Quote the lines of the data below verbatim, beginning at the line that contains "BK Gift Kişiye" and ending at the last line, both included, and excluding pictures.

────────────────

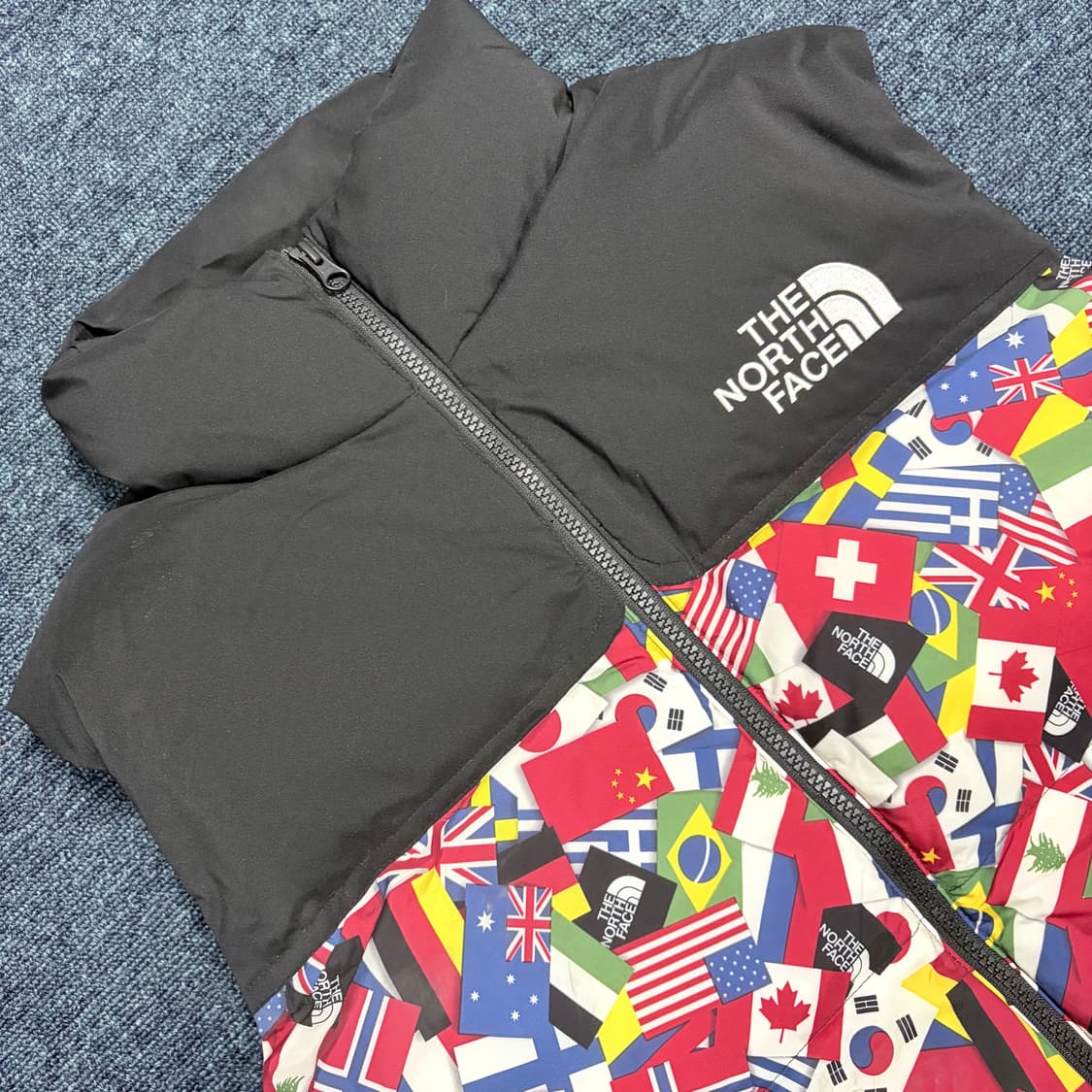 노스페이스 만국기 눕시 다운 패딩 상품이미지3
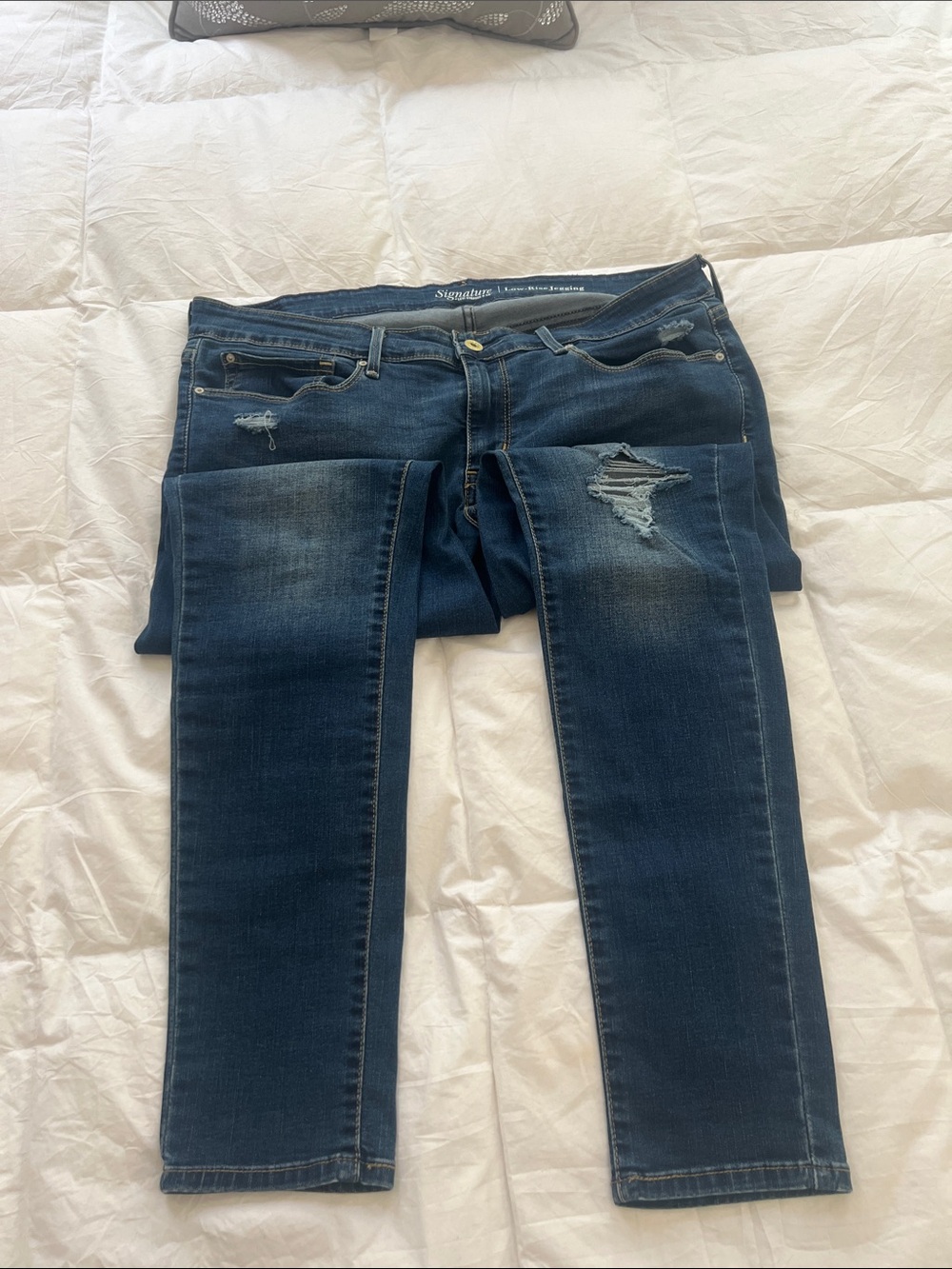 Signature Levi’s Women's Low-Rise Distressed Jeggings in Dark Blue Wash - Picture 3 of 8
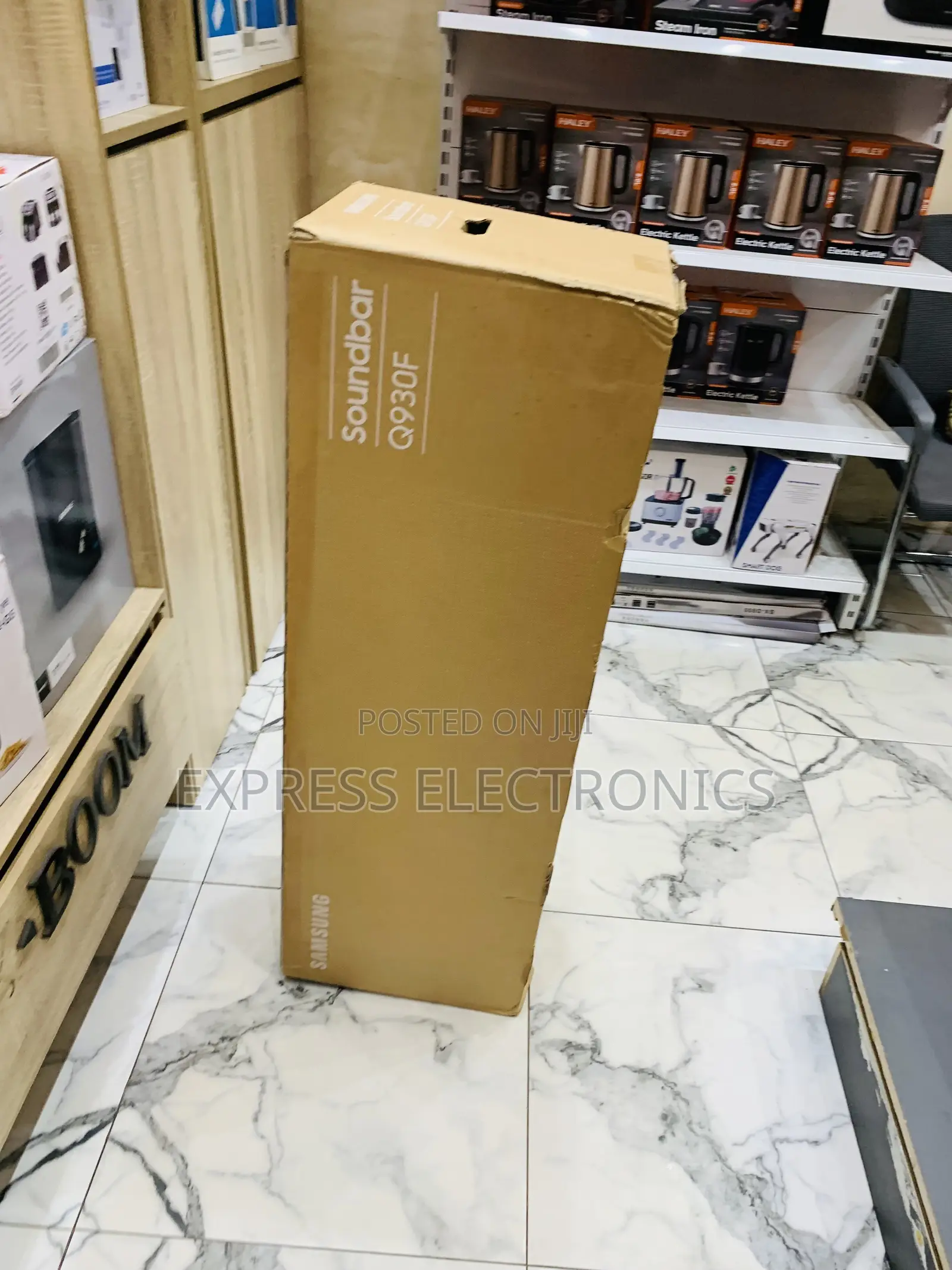 Ultra Modern Black Sound System Samsung Q930f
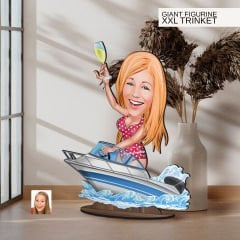 BK Gift Kişiye Özel Tatilci Kadın Karikatürlü Büyük Boy Ahşap Biblo-3 Arkadaşa Hediye , Sevgiliye Hediye, Kişiye Özel Biblolar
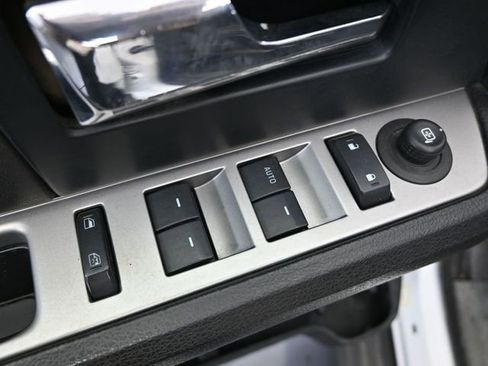 Used 2015 Ford Expedition XL image 18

────────────────

> [Exercise solution]
 BK Gift Kişiye Özel Tatilci Kadın Karikatürlü Büyük Boy Ahşap Biblo-3 Arkadaşa Hediye , Sevgiliye Hediye, Kişiye Özel Biblolar
 Used 2015 Ford Expedition XL image 18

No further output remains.